戦略的人事制度のつくりかた.jpg図解でわかる! 戦略的人事制度のつくりかた』['22年]

 経営コンサルティングファームによる本書は、人事制度自体を俯瞰した上で、人材ビジョン、等級、評価、報酬という人事制度の重要な要素を統合的に説明できるような「フレームワーク」の提示を目指したものです。そのフレームワークは、大手企業からの数多くの引き合いを通して、経営コンサルティングファームが生み出した「人事フレーム」をもとに作成したとのことです。

 一般に、学術書であると抽象的すぎて実務で活用しにくく、一方、実務書であれば、報酬制度や評価方法など、個々の論点についてのノウハウは詳しく書いてあるものの、人事の全体像とはリンクしていないタイプのものが多い中、本書は理念と実務を統合的に説明している点が特徴であり、その点において「フレームワーク」という言い方をしているようです。
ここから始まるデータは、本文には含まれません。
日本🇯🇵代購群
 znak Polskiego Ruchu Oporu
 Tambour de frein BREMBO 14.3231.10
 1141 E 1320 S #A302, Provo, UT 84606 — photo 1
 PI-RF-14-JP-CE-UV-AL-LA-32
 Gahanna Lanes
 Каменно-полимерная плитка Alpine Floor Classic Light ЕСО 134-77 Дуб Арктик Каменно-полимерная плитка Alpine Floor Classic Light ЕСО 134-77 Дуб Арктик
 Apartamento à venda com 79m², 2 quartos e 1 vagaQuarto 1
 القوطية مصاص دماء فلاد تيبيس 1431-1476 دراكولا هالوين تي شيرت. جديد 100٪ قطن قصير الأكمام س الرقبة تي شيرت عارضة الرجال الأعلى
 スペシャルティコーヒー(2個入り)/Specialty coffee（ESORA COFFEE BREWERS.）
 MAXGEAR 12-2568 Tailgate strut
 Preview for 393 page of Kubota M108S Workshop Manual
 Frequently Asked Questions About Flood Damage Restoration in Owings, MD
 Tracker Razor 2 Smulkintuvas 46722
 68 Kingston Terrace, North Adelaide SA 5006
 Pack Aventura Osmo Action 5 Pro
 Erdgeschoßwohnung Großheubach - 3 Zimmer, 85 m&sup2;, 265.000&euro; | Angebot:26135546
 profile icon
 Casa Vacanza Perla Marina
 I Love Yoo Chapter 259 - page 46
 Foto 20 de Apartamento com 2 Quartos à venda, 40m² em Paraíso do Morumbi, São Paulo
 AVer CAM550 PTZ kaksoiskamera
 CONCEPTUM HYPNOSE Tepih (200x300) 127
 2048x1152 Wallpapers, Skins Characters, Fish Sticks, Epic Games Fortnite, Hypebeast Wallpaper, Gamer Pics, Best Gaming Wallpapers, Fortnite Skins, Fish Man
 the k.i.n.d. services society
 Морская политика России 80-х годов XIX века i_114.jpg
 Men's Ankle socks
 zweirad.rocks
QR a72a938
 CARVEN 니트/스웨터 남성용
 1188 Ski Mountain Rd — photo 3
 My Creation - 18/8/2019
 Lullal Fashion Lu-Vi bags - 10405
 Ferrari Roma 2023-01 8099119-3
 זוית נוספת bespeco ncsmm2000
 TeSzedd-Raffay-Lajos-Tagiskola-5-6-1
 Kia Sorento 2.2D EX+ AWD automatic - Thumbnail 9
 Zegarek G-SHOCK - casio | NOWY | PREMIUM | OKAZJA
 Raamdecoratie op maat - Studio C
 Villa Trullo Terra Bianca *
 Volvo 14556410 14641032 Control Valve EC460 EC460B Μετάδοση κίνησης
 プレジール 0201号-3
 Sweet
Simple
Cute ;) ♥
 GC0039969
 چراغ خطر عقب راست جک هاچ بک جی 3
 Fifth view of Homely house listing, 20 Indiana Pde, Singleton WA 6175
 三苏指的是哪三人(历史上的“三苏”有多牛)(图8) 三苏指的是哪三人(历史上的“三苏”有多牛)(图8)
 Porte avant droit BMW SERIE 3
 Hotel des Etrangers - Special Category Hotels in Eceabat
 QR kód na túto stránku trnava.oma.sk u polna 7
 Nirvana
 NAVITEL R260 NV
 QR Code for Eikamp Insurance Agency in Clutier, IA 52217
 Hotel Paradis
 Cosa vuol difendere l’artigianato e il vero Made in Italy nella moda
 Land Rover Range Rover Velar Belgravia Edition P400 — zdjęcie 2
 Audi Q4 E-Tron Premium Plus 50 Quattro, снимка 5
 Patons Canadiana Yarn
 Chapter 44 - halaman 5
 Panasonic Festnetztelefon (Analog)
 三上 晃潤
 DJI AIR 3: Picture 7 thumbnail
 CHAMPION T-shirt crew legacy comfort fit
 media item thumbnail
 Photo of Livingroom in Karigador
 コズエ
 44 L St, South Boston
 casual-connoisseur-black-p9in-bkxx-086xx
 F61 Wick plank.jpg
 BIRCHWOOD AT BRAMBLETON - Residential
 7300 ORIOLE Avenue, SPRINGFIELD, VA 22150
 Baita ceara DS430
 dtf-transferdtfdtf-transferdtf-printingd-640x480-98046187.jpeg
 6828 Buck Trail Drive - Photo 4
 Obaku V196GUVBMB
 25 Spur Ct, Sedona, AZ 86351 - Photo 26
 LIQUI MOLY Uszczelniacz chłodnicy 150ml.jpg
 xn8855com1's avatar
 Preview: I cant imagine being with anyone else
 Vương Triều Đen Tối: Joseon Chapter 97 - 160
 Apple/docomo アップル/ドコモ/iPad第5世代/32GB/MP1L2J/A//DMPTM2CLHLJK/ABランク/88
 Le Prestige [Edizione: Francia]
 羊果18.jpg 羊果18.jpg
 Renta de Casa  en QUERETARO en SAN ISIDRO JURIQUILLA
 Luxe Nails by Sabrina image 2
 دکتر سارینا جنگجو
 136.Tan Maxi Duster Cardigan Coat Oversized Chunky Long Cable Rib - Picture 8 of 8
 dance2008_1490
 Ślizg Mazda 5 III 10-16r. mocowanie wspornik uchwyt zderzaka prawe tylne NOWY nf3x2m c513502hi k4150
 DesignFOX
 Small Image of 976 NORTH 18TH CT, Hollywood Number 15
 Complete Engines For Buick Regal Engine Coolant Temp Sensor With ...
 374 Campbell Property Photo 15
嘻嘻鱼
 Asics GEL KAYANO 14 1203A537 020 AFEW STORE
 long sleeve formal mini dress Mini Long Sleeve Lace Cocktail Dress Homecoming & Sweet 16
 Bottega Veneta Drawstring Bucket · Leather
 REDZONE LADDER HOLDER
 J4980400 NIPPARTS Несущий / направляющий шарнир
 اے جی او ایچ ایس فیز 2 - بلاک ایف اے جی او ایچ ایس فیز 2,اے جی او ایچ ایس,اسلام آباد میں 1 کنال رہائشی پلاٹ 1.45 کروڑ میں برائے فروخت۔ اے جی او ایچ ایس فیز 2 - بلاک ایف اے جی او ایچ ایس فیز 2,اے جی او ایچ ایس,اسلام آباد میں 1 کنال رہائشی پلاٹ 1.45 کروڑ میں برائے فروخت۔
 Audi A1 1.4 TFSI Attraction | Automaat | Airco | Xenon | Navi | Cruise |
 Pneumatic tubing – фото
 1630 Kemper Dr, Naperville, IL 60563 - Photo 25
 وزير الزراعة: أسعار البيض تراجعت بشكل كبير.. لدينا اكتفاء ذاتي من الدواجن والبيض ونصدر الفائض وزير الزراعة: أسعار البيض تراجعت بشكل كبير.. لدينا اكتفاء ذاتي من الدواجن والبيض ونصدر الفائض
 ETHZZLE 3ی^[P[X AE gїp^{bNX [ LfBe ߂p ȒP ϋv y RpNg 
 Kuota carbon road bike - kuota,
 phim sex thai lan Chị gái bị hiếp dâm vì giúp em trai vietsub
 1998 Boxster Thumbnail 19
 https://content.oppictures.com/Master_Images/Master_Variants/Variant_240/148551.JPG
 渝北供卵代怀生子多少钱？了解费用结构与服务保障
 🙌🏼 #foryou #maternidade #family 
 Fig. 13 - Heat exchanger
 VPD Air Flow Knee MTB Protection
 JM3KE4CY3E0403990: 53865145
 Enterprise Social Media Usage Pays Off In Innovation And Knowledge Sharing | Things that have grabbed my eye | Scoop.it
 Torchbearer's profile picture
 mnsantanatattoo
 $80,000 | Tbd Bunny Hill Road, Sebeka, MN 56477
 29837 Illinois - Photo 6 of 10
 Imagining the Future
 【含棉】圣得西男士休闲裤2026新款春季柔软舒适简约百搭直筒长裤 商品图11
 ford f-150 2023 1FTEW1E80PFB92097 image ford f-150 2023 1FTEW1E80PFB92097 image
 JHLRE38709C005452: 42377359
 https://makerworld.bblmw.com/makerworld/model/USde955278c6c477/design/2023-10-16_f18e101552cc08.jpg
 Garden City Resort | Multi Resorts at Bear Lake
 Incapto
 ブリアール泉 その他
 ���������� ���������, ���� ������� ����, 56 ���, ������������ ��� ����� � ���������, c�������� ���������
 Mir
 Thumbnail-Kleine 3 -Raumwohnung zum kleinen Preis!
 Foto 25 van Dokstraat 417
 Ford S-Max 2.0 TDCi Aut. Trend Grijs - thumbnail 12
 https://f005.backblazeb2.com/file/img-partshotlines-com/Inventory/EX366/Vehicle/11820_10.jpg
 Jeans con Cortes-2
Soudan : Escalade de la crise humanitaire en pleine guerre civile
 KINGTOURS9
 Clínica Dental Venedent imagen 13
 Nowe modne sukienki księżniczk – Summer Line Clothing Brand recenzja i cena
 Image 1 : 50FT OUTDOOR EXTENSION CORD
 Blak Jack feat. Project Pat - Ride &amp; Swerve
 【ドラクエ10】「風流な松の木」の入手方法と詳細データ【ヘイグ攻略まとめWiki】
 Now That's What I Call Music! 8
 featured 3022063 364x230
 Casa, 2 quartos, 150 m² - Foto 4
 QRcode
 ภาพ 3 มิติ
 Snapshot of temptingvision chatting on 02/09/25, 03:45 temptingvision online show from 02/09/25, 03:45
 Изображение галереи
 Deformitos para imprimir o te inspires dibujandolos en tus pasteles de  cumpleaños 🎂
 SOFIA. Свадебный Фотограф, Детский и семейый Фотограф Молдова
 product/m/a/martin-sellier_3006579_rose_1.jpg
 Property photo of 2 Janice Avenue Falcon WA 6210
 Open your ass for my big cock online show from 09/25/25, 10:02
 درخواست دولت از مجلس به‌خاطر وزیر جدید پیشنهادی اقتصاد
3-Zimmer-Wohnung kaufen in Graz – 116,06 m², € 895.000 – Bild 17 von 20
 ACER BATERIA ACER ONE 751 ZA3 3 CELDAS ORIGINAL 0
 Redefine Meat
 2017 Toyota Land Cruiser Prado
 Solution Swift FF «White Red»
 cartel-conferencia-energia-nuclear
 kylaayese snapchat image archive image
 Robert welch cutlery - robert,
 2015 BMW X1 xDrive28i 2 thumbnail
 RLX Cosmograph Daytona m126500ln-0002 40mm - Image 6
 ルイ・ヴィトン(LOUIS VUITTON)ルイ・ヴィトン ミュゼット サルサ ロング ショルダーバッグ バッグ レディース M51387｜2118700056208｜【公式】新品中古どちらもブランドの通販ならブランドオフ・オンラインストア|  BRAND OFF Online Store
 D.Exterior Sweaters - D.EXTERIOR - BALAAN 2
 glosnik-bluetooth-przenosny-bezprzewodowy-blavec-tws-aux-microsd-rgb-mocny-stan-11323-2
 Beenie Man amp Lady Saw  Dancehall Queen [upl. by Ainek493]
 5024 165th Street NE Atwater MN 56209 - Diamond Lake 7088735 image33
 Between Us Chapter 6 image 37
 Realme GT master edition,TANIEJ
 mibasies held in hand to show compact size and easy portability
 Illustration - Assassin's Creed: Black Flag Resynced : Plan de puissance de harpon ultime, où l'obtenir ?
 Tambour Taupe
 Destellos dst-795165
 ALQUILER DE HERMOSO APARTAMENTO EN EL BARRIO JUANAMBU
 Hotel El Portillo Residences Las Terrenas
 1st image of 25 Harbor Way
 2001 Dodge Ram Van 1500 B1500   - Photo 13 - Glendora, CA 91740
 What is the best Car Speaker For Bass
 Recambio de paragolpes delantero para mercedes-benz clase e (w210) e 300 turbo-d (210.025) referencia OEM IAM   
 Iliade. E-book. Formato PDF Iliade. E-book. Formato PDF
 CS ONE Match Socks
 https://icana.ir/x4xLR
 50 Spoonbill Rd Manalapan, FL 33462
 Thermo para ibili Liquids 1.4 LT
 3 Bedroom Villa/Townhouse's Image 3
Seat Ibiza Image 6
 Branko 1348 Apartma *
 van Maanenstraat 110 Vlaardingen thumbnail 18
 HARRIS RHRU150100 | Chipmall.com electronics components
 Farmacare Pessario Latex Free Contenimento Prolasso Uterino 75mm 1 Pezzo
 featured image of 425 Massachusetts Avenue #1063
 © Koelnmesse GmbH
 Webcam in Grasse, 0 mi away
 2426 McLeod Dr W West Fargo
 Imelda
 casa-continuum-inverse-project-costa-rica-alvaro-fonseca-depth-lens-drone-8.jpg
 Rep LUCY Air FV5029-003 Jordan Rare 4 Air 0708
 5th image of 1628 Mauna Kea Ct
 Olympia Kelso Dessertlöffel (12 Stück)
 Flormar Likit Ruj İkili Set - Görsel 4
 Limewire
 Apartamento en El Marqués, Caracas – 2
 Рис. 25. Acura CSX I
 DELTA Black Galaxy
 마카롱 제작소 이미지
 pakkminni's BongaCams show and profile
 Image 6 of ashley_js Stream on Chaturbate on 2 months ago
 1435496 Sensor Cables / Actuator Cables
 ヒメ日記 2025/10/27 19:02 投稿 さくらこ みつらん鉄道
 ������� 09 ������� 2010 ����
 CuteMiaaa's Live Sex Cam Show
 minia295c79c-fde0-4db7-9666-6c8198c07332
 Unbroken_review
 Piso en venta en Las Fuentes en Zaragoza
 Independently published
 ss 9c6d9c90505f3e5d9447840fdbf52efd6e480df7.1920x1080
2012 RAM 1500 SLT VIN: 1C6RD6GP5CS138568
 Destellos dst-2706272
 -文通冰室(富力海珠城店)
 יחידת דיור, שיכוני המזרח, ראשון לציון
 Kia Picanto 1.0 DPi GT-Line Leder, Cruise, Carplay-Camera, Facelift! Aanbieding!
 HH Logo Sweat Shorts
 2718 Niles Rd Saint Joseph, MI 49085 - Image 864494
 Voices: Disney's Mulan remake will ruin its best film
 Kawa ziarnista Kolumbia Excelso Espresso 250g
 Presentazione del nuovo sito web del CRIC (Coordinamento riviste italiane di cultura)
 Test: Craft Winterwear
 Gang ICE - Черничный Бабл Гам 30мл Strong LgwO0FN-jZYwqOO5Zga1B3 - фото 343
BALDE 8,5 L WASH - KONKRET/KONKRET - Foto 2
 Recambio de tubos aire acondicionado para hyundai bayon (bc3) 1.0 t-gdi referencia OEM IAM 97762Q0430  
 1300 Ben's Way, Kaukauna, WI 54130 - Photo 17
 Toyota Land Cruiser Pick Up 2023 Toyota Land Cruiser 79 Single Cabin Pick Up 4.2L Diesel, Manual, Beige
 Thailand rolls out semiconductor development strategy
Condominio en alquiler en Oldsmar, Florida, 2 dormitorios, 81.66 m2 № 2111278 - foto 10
 要となるフレームワークは全体で5+1のステップで構成されており、ステップ1が「現状分析・改定の方向性」、ステップ2が「人材ビジョン・人事制度改定コンセプト」、ステップ3が「等級制度」、ステップ4が「評価制度」、ステップ5が「報酬制度」、ラストステップが「導入・運用」となっています。

 ステップ1からステップ2にかけては、人材マネジメントのあるべき姿とその企業の現状とのギャップをどのように測り、人事制度改定の判断軸をどう作っていくかを解説しています。主として理念的・概念的な内容となりますが、図解で解説し、ポイントを整理しているため、とっつきにくいという印象は緩和されていると思います。

 ステップ3からステップ5にかけて解説されている等級制度、評価制度、報酬制度については、比較的オーソドックスな解説がなされていますが、この制度しかない、これがベストであるという示し方ではなく、あくまでも制度策定のフレームとなる考え方を示すことに主眼が置かれている印象を受けました。

 ラストステップでは、「制度3割、運用7割」であるということを踏まえた上で、人事制度が活用される運用基盤をどう整えるか、制度導入説明会の注意点や評価者トレーニングの実施ポイントなどを具体的に解説しています。

 全体を通して、例えば評価制度であれば、評価制度の役割や種類、行動評価、目標管理、評価段階・ウエイト等をひと通り解説した上で、制度の概要設計や詳細設計等について具体策の検討フレームを空欄で示すとともに、併せてそれぞれの記載例も示すというかたちをとっています。そのため、記載例を見ながら、自社の場合、検討フレームを埋めるとすればどうなるかを考えさせる、ワークブック的なつくりになっていると言えます。

 現実には、人事制度改定プロジェクトのリーダーまたはメンバーにでもならない限り、なかなかこうしたことは学習したり考えたりしないものであるし、また実践の場を経ないと、こうした知識は本当に身にはつかないという面はどうしてもあるかと思います。人事ビギナーには、本書の各検討フレームを埋めるのは結構ハードルが高いようにも思いました。

 ただし、人事パーソンには社内コンサルタント的な素養も求められると思われることから、こうしたコンサルティングファームの切り口や手法に触れておくのもいいのではないかと思います。それは、制度改定を内製的に実施することになった際にも役立つと思います。また、仮にコンサルティングファームの手を借りることになったとしても、自社最適の制度への道は自らが選択しなければならないわけです。そうしたことをイメージしながら読むといいのではないでしょうか。